Views expressed in opinion columns are the author’s own.
To many, a freshly trimmed lawn is a source of pride, a picture-perfect strip of nature at their fingertips, a symbol of typical American life. Yet, whenever I undergo the weekly hour-long chore of mowing the lawn, I can only think of the paradoxes presented by the American lawn.
I think about the “keep animals away” signs on some lawns due to the herbicides used, contrasted with the strange looks my family would get for having dandelions and pollinators in our yards. I observe the rows of perfectly manicured lawns, which took hours and cost a fortune to maintain — but are never used.

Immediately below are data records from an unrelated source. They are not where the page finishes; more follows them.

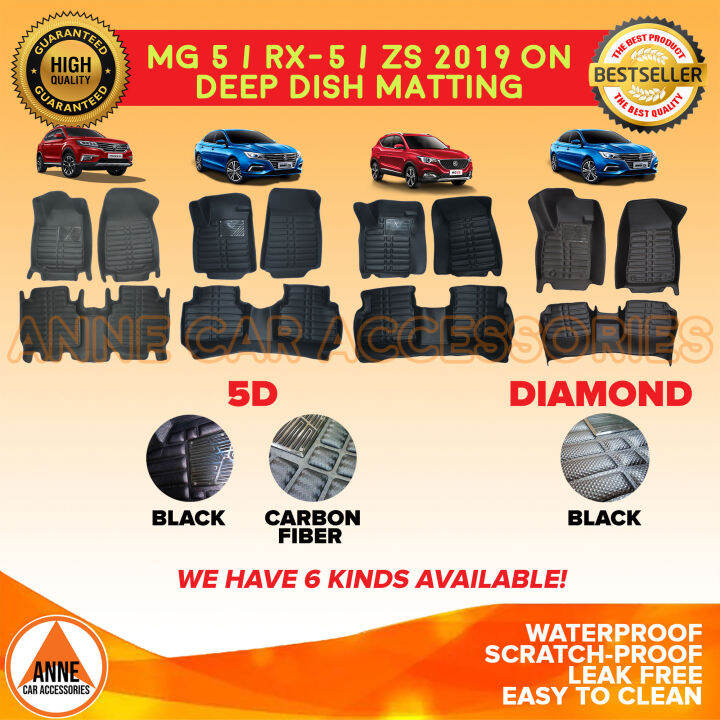 5D Black / 5D Carbon Fiber / 5D Diamond Deep Dish for RX5 MG MG5 / MG ...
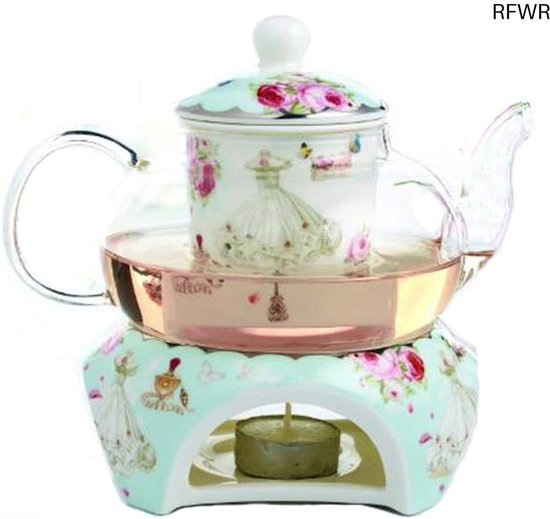 Glazen theepot – Atelier Theepot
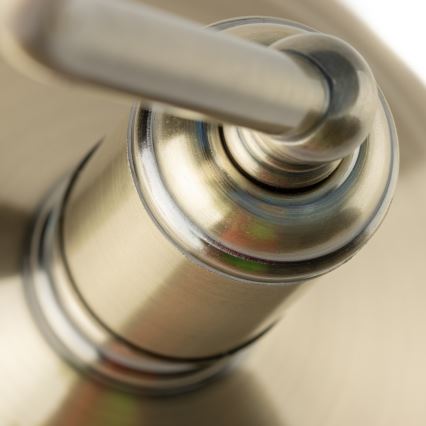 Brilagi - Pöytävalaisin BANK OFFICE 1xE27/60W/230V messinki/valkoinen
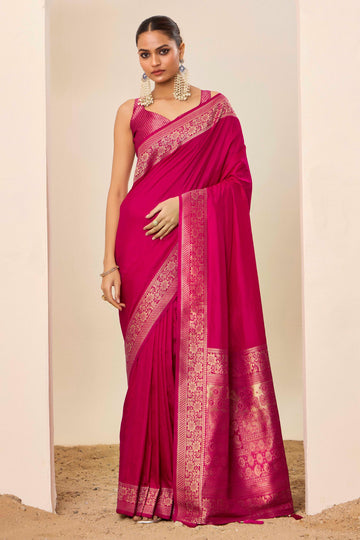 Pink Dola Silk Saree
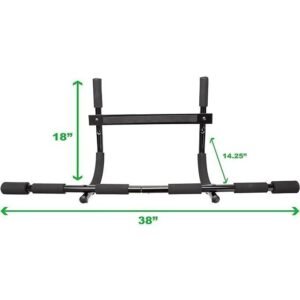 Multi-Grip Chin-Up/Pull-Up Bar Full Body Trainer Doorway Heavy-Duty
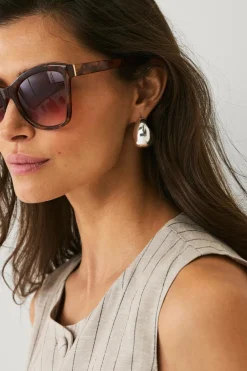 Ellos Collection Solbriller Skildpadde mønstret Sale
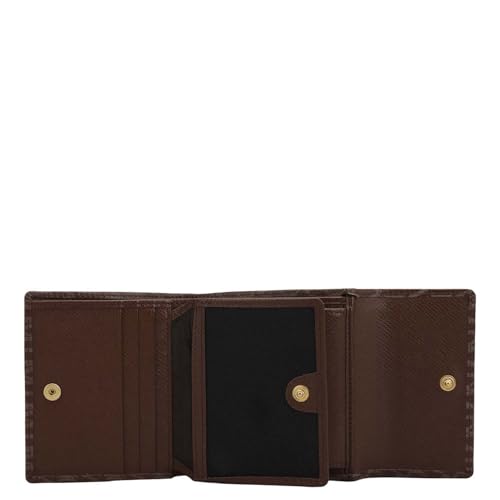 Da Milano Premium Leather Wallet for Women | Multi Compartment Travel Wallet - Walnut Brown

Despite the paradoxes presented by lawns, they continue to play an outsized role in the country. About two percent of the total surface area of the U.S. is dedicated to turf grass, an area roughly the size of Iowa.
For the amount of land dedicated to lawns, it’s important to consider what these patches of green symbolize to the broader American public.

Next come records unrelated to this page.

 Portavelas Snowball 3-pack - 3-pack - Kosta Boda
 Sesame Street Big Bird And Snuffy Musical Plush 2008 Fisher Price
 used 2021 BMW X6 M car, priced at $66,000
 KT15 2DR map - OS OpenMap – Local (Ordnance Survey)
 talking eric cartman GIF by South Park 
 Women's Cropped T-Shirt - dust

Lawns are a direct manifestation of both a desire to impress others and control the environment. For the amount of time and resources required and the negative environmental effects incurred, traditional monoculture lawns simply don’t have enough benefits to justify the costs. Instead, a less time and resource-intensive and more sustainable “re-wilding” of lawns should be the standard across America.
Lawns have always been a symbol of affluence. In Europe, lawns originated as symbols of conspicuous consumption, demonstrating that wealthy homeowners had the money to pay for the expensive and time-consuming maintenance. These practices of opulence were quickly adopted by the wealthy in America, yet the rise of train lines and the automobile broadened the popularity of lawns, as suburban homeowners aimed to impress passerbys. The explosion of the suburbs marked the imprinting of lawns into American culture, as lawns became an indicator of success and a typical middle-class lifestyle.
For simple status symbols, lawns take a large amount of time and resources to maintain.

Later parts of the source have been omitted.